We sat down with Williams to hear more about his experiences with the Collective and his latest work in progress, an interactive theatrical experience called America In One Room.
You’ve been a member of FST’s Playwright Collective for some time. How would you describe your experience so far?
Is it too cheesy to say it’s been “a dream come true?” Because it has. It’s given me a creative boost exactly when I needed it – when we all needed one, I think. And it’s allowed me to push myself creatively to places I hadn’t gone before in my writing. Everyone at FST has been so supportive and encouraging during the process. It’s such a creative and safe space. I love it!
You are currently working on a brand-new play called America In One Room. Tell us more about the inspiration behind this new project.
I read a story in the New York Times about an event that took place in fall 2019, shortly before the primaries for the 2020 election. A non-profit, nonpartisan group gathered 526 voters from across the United States – of all races, genders, and political persuasions – to discuss the most pressing issues facing our country. The theory was if you could get groups of people to actually talk and listen, then maybe there’d be some common ground to be found and less bitterness and anger.
The play focuses on one small “breakout group” from the conference – eight participants and one moderator – and follows them over the course of the weekend. The play is less about the formal political discussions and more about the small conversations where they learn about each other’s personal lives. That’s what the play is exploring, in a fun, humorous, and exciting way, I hope!
America In One Room has a strong element of audience participation. What does that entail and how did it come about?
The audience participation has taken different forms over the various drafts. Sometimes, the moderator asks everyone – actors and audience – whether they agree or disagree with a statement. There are also moments in which audience members are called upon to ask questions about various issues, and there are other opportunities for audience participation that I’m still playing with.
But no matter what form the participation takes, I wanted the audience to feel like they were included in the conversations and discussions on stage.
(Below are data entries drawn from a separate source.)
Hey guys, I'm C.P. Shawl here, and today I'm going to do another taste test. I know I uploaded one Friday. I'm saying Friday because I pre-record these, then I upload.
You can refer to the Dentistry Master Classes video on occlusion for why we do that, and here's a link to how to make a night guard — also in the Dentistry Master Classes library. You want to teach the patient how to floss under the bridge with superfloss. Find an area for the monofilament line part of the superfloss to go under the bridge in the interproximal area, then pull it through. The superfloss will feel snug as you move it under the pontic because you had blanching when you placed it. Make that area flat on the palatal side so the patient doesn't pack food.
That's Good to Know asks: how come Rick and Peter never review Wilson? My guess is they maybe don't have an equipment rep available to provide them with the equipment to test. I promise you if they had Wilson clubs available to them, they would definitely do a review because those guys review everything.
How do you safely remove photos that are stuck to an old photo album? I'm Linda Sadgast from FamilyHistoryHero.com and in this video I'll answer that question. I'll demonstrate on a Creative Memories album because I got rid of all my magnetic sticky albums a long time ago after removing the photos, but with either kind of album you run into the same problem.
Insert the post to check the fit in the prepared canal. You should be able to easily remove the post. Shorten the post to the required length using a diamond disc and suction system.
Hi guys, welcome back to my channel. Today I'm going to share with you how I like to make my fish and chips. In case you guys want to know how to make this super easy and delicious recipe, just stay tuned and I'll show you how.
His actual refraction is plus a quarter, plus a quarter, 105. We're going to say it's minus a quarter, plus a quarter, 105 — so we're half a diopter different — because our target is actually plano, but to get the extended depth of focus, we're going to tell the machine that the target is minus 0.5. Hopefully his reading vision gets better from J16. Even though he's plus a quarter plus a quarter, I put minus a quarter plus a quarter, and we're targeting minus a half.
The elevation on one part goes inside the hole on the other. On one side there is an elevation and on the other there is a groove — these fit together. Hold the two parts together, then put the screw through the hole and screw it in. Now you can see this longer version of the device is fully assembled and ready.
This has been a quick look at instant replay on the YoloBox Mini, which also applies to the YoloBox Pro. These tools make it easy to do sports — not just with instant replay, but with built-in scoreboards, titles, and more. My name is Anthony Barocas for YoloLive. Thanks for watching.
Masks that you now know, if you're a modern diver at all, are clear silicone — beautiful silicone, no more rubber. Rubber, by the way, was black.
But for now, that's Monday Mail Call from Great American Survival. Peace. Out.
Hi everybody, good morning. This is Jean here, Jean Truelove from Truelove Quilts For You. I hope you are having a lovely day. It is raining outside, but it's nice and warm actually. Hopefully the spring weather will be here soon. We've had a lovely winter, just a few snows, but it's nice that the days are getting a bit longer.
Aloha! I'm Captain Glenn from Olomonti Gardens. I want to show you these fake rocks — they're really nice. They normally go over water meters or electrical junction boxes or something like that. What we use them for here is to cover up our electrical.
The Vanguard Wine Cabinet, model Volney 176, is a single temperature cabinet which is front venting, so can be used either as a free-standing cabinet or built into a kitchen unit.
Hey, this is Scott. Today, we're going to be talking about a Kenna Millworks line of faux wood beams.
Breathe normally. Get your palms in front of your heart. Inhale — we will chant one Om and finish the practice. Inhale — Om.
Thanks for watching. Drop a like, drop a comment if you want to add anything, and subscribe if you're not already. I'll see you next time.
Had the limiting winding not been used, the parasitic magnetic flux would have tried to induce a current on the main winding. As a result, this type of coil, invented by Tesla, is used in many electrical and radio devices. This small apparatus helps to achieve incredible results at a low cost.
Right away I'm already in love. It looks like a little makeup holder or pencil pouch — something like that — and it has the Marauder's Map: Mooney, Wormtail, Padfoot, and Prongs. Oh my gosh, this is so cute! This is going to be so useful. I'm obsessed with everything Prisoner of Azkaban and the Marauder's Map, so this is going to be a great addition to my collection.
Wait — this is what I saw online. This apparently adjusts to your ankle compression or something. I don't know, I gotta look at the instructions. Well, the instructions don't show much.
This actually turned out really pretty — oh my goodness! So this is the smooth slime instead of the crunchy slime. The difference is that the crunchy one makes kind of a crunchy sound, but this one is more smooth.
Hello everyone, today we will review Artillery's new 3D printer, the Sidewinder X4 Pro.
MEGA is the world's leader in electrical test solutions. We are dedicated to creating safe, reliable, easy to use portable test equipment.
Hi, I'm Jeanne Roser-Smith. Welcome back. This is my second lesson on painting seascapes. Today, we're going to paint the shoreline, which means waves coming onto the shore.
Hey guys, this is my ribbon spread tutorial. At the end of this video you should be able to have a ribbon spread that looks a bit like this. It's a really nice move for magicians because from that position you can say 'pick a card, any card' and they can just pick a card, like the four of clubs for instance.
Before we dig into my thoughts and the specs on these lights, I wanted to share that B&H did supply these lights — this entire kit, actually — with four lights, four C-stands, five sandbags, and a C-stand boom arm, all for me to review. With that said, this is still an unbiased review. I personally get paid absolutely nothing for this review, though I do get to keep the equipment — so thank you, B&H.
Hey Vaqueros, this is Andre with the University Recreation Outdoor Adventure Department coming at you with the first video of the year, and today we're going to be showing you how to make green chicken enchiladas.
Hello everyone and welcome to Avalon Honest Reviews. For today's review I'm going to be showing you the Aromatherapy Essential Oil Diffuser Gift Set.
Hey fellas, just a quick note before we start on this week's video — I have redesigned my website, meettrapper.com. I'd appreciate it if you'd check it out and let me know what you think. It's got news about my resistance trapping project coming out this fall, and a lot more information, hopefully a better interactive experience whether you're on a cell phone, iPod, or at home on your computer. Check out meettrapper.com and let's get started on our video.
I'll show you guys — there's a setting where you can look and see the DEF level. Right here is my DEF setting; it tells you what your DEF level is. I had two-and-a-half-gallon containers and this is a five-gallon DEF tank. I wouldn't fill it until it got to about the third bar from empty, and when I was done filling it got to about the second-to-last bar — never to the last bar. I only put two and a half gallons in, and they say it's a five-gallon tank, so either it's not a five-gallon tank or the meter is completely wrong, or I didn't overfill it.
I wanted them to see how their responses lined up – or didn’t – with their seat-mate’s or the person (literally) across the aisle. The play is about fixing our broken democracy, and the major takeaway is that if we want to fix it, we all have to be active participants.
Were there any challenges or surprises you encountered while working on America In One Room?
Every new draft surprises me. The characters have begun to take on a life of their own and take me down paths I never expected.
The biggest challenge is crafting a play with nine, sometimes ten, people on stage at the same time. How do I track what each character is thinking and feeling even if they’re not speaking for several pages? But that’s also been fun and new for me. Most plays I write have smaller casts, knowing they are easier to produce. But Richard Hopkins (FST’s Producing Artistic Director) encouraged me to think BIG with this project, and a bigger cast suited this play really well!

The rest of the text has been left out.